__INSTRUCTIONS FOR THE TASK__
A verbatim reproduction of every entry is the expected answer.

__SUPPLIED MATERIAL__
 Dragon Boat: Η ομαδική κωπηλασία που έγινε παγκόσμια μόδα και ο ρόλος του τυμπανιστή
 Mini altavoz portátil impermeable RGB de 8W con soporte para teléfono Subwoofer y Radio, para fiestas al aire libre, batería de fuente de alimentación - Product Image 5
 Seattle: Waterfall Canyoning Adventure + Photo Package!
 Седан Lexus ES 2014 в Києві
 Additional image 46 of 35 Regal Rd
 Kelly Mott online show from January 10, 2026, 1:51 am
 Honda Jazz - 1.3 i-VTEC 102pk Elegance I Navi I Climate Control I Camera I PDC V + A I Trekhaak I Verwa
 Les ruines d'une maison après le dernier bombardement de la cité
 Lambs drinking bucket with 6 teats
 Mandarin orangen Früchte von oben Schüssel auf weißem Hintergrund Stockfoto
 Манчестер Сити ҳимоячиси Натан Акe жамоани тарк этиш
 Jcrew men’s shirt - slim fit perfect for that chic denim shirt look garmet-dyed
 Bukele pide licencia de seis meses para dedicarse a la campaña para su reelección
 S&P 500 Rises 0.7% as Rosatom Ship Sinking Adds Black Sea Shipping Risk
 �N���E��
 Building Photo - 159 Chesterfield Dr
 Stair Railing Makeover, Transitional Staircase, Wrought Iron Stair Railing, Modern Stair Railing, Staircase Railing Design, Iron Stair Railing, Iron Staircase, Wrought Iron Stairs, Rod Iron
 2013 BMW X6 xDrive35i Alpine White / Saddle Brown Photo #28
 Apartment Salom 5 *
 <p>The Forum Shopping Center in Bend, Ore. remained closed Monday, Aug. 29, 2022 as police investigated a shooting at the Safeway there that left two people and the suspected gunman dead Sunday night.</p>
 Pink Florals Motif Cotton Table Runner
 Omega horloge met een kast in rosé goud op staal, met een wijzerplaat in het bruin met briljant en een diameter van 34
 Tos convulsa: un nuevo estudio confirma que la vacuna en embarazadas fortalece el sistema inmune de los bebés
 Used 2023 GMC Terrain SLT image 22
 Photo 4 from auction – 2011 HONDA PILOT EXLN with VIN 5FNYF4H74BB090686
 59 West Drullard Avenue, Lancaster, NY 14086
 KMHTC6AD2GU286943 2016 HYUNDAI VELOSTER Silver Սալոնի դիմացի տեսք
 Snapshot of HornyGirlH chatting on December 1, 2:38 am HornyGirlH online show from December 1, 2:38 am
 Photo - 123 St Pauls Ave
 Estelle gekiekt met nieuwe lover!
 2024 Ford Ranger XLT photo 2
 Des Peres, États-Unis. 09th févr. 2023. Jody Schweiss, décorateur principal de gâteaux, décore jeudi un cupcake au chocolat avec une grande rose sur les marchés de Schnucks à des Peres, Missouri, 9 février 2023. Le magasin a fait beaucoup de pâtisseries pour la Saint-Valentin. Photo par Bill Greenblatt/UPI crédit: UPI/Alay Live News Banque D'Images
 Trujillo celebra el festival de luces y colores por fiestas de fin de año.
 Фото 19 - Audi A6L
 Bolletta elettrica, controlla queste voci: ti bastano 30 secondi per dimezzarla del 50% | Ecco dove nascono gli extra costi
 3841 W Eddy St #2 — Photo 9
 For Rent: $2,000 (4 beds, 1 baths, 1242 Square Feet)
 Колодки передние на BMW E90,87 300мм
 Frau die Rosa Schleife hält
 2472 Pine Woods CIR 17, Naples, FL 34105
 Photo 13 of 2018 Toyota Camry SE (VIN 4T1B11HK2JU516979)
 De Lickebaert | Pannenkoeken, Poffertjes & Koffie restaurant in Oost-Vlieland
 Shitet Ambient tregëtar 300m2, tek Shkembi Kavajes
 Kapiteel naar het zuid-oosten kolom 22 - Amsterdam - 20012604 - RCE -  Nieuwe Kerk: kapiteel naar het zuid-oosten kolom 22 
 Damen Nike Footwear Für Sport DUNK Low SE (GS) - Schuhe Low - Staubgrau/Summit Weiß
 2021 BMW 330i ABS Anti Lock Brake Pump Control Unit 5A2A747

__RESULT__
 Dragon Boat: Η ομαδική κωπηλασία που έγινε παγκόσμια μόδα και ο ρόλος του τυμπανιστή
 Mini altavoz portátil impermeable RGB de 8W con soporte para teléfono Subwoofer y Radio, para fiestas al aire libre, batería de fuente de alimentación - Product Image 5
 Seattle: Waterfall Canyoning Adventure + Photo Package!
 Седан Lexus ES 2014 в Києві
 Additional image 46 of 35 Regal Rd
 Kelly Mott online show from January 10, 2026, 1:51 am
 Honda Jazz - 1.3 i-VTEC 102pk Elegance I Navi I Climate Control I Camera I PDC V + A I Trekhaak I Verwa
 Les ruines d'une maison après le dernier bombardement de la cité
 Lambs drinking bucket with 6 teats
 Mandarin orangen Früchte von oben Schüssel auf weißem Hintergrund Stockfoto
 Манчестер Сити ҳимоячиси Натан Акe жамоани тарк этиш
 Jcrew men’s shirt - slim fit perfect for that chic denim shirt look garmet-dyed
 Bukele pide licencia de seis meses para dedicarse a la campaña para su reelección
 S&P 500 Rises 0.7% as Rosatom Ship Sinking Adds Black Sea Shipping Risk
 �N���E��
 Building Photo - 159 Chesterfield Dr
 Stair Railing Makeover, Transitional Staircase, Wrought Iron Stair Railing, Modern Stair Railing, Staircase Railing Design, Iron Stair Railing, Iron Staircase, Wrought Iron Stairs, Rod Iron
 2013 BMW X6 xDrive35i Alpine White / Saddle Brown Photo #28
 Apartment Salom 5 *
 <p>The Forum Shopping Center in Bend, Ore. remained closed Monday, Aug. 29, 2022 as police investigated a shooting at the Safeway there that left two people and the suspected gunman dead Sunday night.</p>
 Pink Florals Motif Cotton Table Runner
 Omega horloge met een kast in rosé goud op staal, met een wijzerplaat in het bruin met briljant en een diameter van 34
 Tos convulsa: un nuevo estudio confirma que la vacuna en embarazadas fortalece el sistema inmune de los bebés
 Used 2023 GMC Terrain SLT image 22
 Photo 4 from auction – 2011 HONDA PILOT EXLN with VIN 5FNYF4H74BB090686
 59 West Drullard Avenue, Lancaster, NY 14086
 KMHTC6AD2GU286943 2016 HYUNDAI VELOSTER Silver Սալոնի դիմացի տեսք
 Snapshot of HornyGirlH chatting on December 1, 2:38 am HornyGirlH online show from December 1, 2:38 am
 Photo - 123 St Pauls Ave
 Estelle gekiekt met nieuwe lover!
 2024 Ford Ranger XLT photo 2
 Des Peres, États-Unis. 09th févr. 2023. Jody Schweiss, décorateur principal de gâteaux, décore jeudi un cupcake au chocolat avec une grande rose sur les marchés de Schnucks à des Peres, Missouri, 9 février 2023. Le magasin a fait beaucoup de pâtisseries pour la Saint-Valentin. Photo par Bill Greenblatt/UPI crédit: UPI/Alay Live News Banque D'Images
 Trujillo celebra el festival de luces y colores por fiestas de fin de año.
 Фото 19 - Audi A6L
 Bolletta elettrica, controlla queste voci: ti bastano 30 secondi per dimezzarla del 50% | Ecco dove nascono gli extra costi
 3841 W Eddy St #2 — Photo 9
 For Rent: $2,000 (4 beds, 1 baths, 1242 Square Feet)
 Колодки передние на BMW E90,87 300мм
 Frau die Rosa Schleife hält
 2472 Pine Woods CIR 17, Naples, FL 34105
 Photo 13 of 2018 Toyota Camry SE (VIN 4T1B11HK2JU516979)
 De Lickebaert | Pannenkoeken, Poffertjes & Koffie restaurant in Oost-Vlieland
 Shitet Ambient tregëtar 300m2, tek Shkembi Kavajes
 Kapiteel naar het zuid-oosten kolom 22 - Amsterdam - 20012604 - RCE -  Nieuwe Kerk: kapiteel naar het zuid-oosten kolom 22 
 Damen Nike Footwear Für Sport DUNK Low SE (GS) - Schuhe Low - Staubgrau/Summit Weiß
 2021 BMW 330i ABS Anti Lock Brake Pump Control Unit 5A2A747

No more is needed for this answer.